> [TO DO] Reproduce only the lines below from the line containing "17年本田冠道轿车抵押车出售" to the line containing "partisi penyekat ruangan kelas", exactly as written, with both end lines kept. Omit the pictures.

> [MATERIAL SUPPLIED]

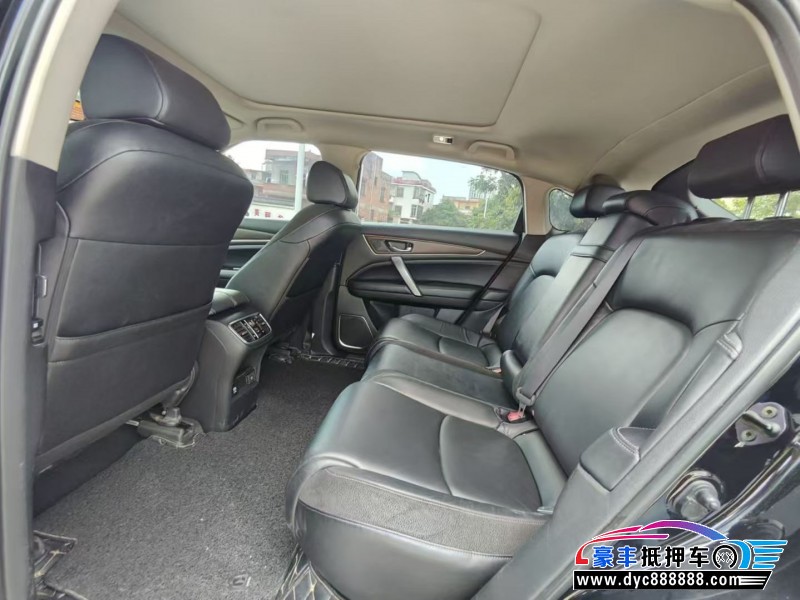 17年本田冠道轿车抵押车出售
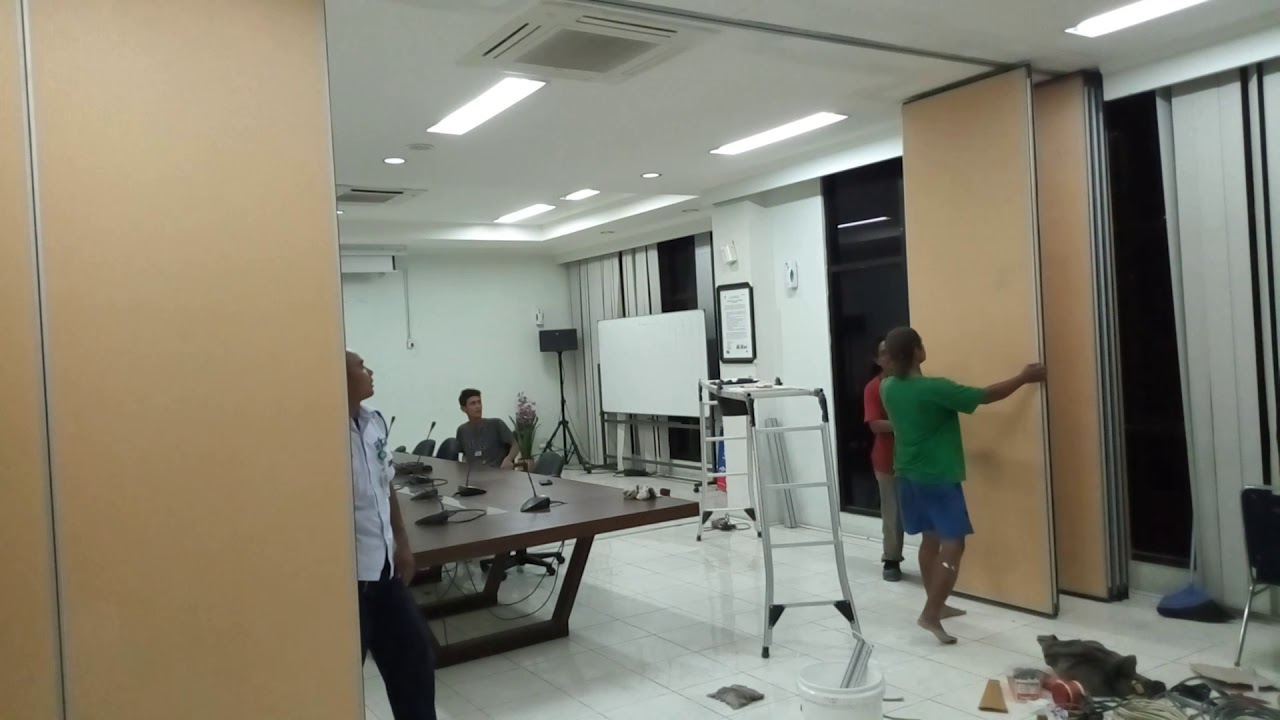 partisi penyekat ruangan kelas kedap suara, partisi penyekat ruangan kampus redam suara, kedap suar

--

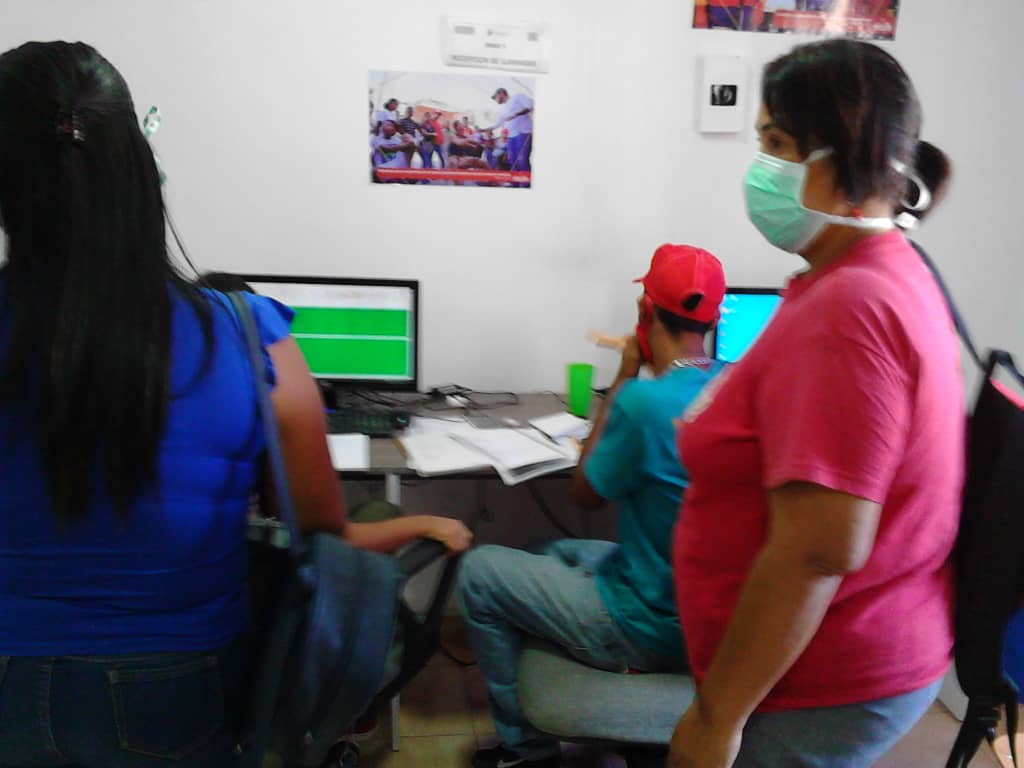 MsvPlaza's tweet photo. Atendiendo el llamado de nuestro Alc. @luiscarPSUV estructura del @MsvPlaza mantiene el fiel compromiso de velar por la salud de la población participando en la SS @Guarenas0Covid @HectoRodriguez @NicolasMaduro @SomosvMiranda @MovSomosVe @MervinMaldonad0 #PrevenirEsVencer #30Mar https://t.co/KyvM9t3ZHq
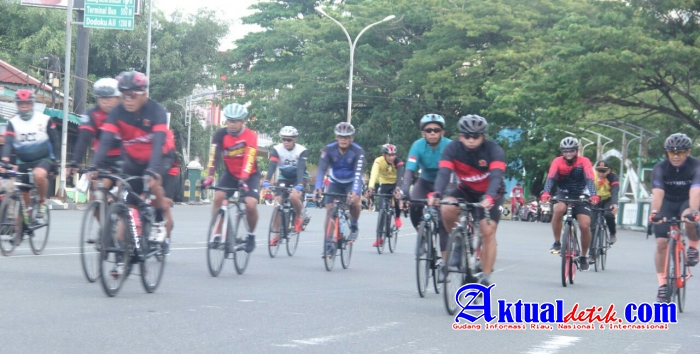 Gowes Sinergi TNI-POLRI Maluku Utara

...

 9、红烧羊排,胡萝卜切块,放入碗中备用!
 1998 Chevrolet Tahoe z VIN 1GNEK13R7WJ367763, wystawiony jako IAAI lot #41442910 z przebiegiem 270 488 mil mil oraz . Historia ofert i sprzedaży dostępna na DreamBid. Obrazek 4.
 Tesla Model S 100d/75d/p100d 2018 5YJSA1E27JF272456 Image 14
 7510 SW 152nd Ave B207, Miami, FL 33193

> [ANSWER TO THIS TASK]
 17年本田冠道轿车抵押车出售
 partisi penyekat ruangan kelas kedap suara, partisi penyekat ruangan kampus redam suara, kedap suar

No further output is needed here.